The sea of editors
There are many thousands of different text-document editors available. You can choose to use an online editor like Stackedit or Dillinger or you can use locally installed editors like Notion, Macdown, Word or VS Code. All these editors have their advantages. Word is the defacto Office document processor, VS Code is used today by millions of software developers and Macdown is a simple Markdown editor. But which one to choose?
As a software developer I learned to keep things extremely simple and usable. When I write software, I don’t want to be distracted by features that are hard to know or understand. And I want to be able to read the documents with all editors by hand. The latter requires a simple format known as plain/text. There is no formatting in the file and what you see is what you get.
To understand text easily we are used to some simple formatting helpers:
This helps to understand and memorise the text better. The combination of both plain/text files and formatting is provided by Markdown created by John Gruber and Aaron Swartz.
Why am I using Markdown?
In 1994 I started to use Windows 3.1 and there was Word. How cool! I can add graphics, colours for the text and so on. What a mess the results have been is history. Then while developing editorial systems (wrongly also known as CMS) for the web we added WYSIWYG editors (what you see is what you get) and the websites wer colourful with various different fonts and styles and … what a mess again.

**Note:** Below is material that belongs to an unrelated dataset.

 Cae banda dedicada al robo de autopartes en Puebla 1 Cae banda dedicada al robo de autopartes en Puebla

But what one wants is simple accessable information that is formatted well. That’s the basic idea behind Markdown. Here is an example of a simple text formatted with Markdown:
# Top news brought to you by Andy ## Software developer discovers a new way of creating simple an well readable text with a formatting technic called Markdown. Hamburg, 12.05.2010. A software developer from Hamburg, Germany discovered the new formatting technic to create nice and readable text. He was _extremely happy_ to discover **Markdown**. This modern way of formatting plain/text is a breakthrough to fight the mess of unreadbale HTML pages in the World Wide Web. The basic features are: * it is simple to learn * one needs only a simple text editor * with additional software like [Pandoc](https://pandoc.org/) the text can be converted into various document formats like **PDF**, **epub** or **HTML**
This text is easily readable and can be read in any text-editor. When using the formatting and converting it, it will look like this:
When comparing both outputs you immediately get an idea what the formatting is doing: eg. one
# will create a headline of order 1 (h1),
## will create a headline of order 2 (h2),
**sth** will make the text bold and so on. These are all simple formatting specifications for Markup Languages like HTML (Hyper-Text-Markup-Language). And now you understand, why it is called Markdown and why one of the basic resulting formats when Markdown files are converted is HTML.

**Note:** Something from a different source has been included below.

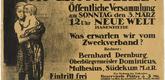 Käthe Kollwitz. For Greater Berlin (Für Gross Berlin). 1912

It is super simple and handy in the usage.
Which editor to use?
Now it’s becoming philosophical. I think everyone has her loved editor for writing plain/text. If you want something very simple I suggest you give Macdown a try. I really like it and wrote many documents with it. If you also need some better overview about your files I suggest to give these editors a try:
- Obsidian: I really like it because every set of documents can be organised in a so called vault. And there are many plugins you can use e.g. for better table handling or even a Github integration. I use it regularly (instead of Notion because it is too complicated and big).
- Zettlr: For people using a Zettelkasten, this one is super cool. I like it a lot and still use it for my Zettelkasten. But it is still also a very good plain/text editor.
- Ulysses: I think this one is good for writing novels. I really like the typewriter effect that can be used. And the organisation of the documents is good.
- The Archive: Another Zettelkasten editor I used quite a lot. Btw. the website is a very good starting point for the Zettelkasten concept invented by Niklas Luhmann
- VS Code: The defacto editor for developers writing code. It has a very good Extension system and a lot of other features for developers. You can still also use it as a very good Markdown editor.
- Macdown: A super simple yet strong editor. I like the preview very much. It lacks some features the other editors provide but is very good for writing a Markdown file quickly.
I don’t want to forget mentioning, that there are also good online Markdown editors. One I like is Stackedit. You need to choose if you want to register to a service and save the files there, or use an editor locally where you have full control about your data.
Export to another format like PDF
The power of markdown is it’s simplicity resulting in the ability to compile (create) a document format of your choice. Most of the editors offer at least the possibility to create a PDF. As I am writing this file in Obsidian, I have the option to export it to a PDF. This will look like this: The result:
As you can see the PDF is created. In other editors like Ulysses you have various more options to choose a format and also what style the PDF should be created in.
I love simplicity. And that’s the reason why I write everything in Markdown. You can even omit to use a text-processor like Microsoft word when you use the Markdown editor that gives you everything you need for the output you want to achieve.